Spending also took a hit from government delays issuing income-tax refunds to combat fraud.

In a separate report on Friday, the Labor Department said private sector wages jumped 0.9 per cent in the first quarter, the largest increase in a 10 years, after rising 0.5 per cent in the fourth quarter.

With wage growth, business investment and inflation firming, economists believe Federal Reserve officials will look past the weak first-quarter GDP when they meet next week.

Fed Chair Janet Yellen has previously described quarterly GDP as “noisy''. The US central bank had lifted its overnight interest rate by a quarter of a percentage point in March and has forecast two more hikes this year. It is not expected to raise interest rates next Wednesday.

“There is enough reason to doubt the growth slowdown for the Fed to stay the course on tightening, especially with a bigger-than-expected pop in employment costs,” said Chris Low, chief economist at FTN Financial in New York.

Businesses accumulated inventories at a rate of $10.3 billion in the last quarter, down from $49.6 billion in the October-December period.
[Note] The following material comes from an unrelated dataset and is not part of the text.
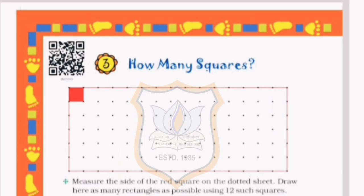Hello students, welcome to E-classes of PNMSA High School. Hope you all are safe at your home. Today we will start our next chapter, that is chapter number 3, How Many Squares. The chapter is about area and perimeter. Before we start the chapter, let us know about the basic concept of the chapter.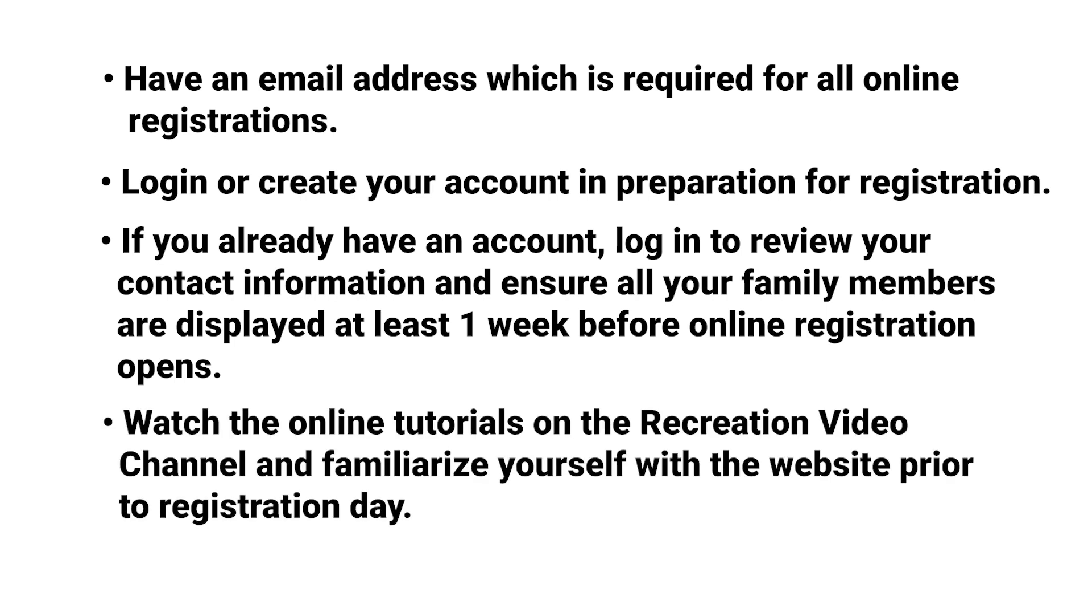Watch the online tutorials on the Recreation video channel and familiarize yourself with the website prior to registration day.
Inventories subtracted 0.93 percentage point from GDP growth.

Government spending on defence declined at a 4.0 per cent pace, the biggest fall since the fourth quarter of 2014 and second quarterly drop.

Business spending on equipment accelerated at a 9.1 per cent rate in the first quarter thanks to rising oil prices. Spending on mining exploration, wells and shafts surged at a record 449 per cent rate. That led to spending on nonresidential structures rebounding at a 22.1 per cent pace, the fastest in three years.

Investment in home building increased for a second quarter while rising exports narrowed the trade deficit.